Posted on November 19 2011

Journal of Sports Sciences Just a quick post to announce that my first academic paper on running-related research has been published in the Journal of Sports Sciences – the title is “Foot strike patterns of recreational and sub-elite runners in a long-distance road race.” The research in this paper is based on film that seven of my former undergraduate students and I collected back in the Fall of 2009 at the Manchester City Marathon in Manchester, NH.

My co-authors are all alumni of Saint Anselm College, and to give them due credit, their names are Erin Higgins, Justin Kaminski, Tamara Decker, Janine Preble, Daniela Lyons, Kevin McIntyre & Adam Normile. The paper required an immense amount of often tedious frame-by-frame analysis of well over 1000 video clips or running foot-strikes, and I credit them all with the demonstrating the perseverance required to stick it out.
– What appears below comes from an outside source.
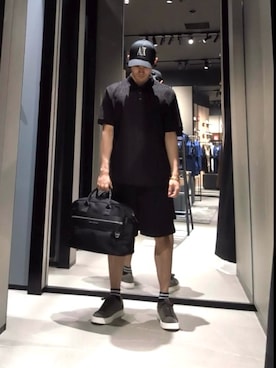 AOさんのコーディネート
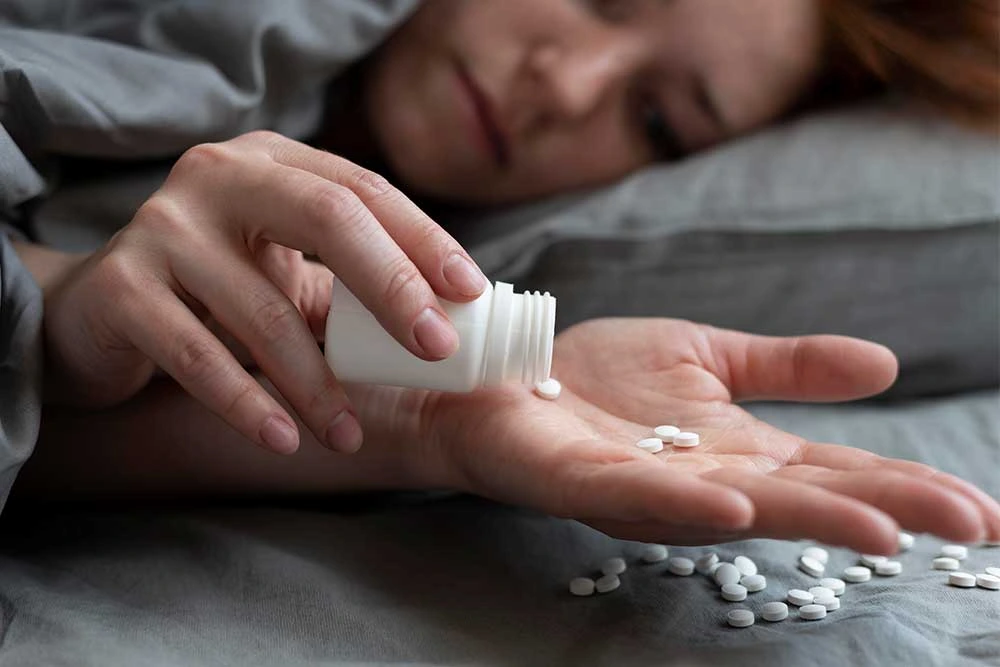 Benzodiazepine Drugs – Abuse, Addiction, Side Effects and Treatment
I know what they went through as I also analyzed every single one of these clips myself! I hope this paper adds at least some useful information to the body of scientific knowledge on running form and biomechanics.

Below is the abstract, and I will probably follow up at some point with some additional thoughts. I cannot post the PDF for 12 months due to copyright restrictions, but can share via email if you are interested.


Although the biomechanical properties of the various types of running foot strike (rearfoot, midfoot, and forefoot) have been studied extensively in the laboratory, only a few studies have attempted to quantify the frequency of running foot strike variants among runners in competitive road races. We classified the left and right foot strike patterns of 936 distance runners, most of whom would be considered of recreational or sub-elite ability, at the 10 km point of a half-marathon/marathon road race. We classified 88.9% of runners at the 10 km point as rearfoot strikers, 3.4% as midfoot strikers, 1.8% as forefoot strikers, and 5.9% of runners exhibited discrete foot strike asymmetry. Rearfoot striking was more common among our sample of mostly recreational distance runners than has been previously reported for samples of faster runners. We also compared foot strike patterns of 286 individual marathon runners between the 10 km and 32 km race locations and observed increased frequency of rearfoot striking at 32 km. A large percentage of runners switched from midfoot and forefoot foot strikes at 10 km to rearfoot strikes at 32 km. The frequency of discrete foot strike asymmetry declined from the 10 km to the 32 km location. Among marathon runners, we found no significant relationship between foot strike patterns and race times.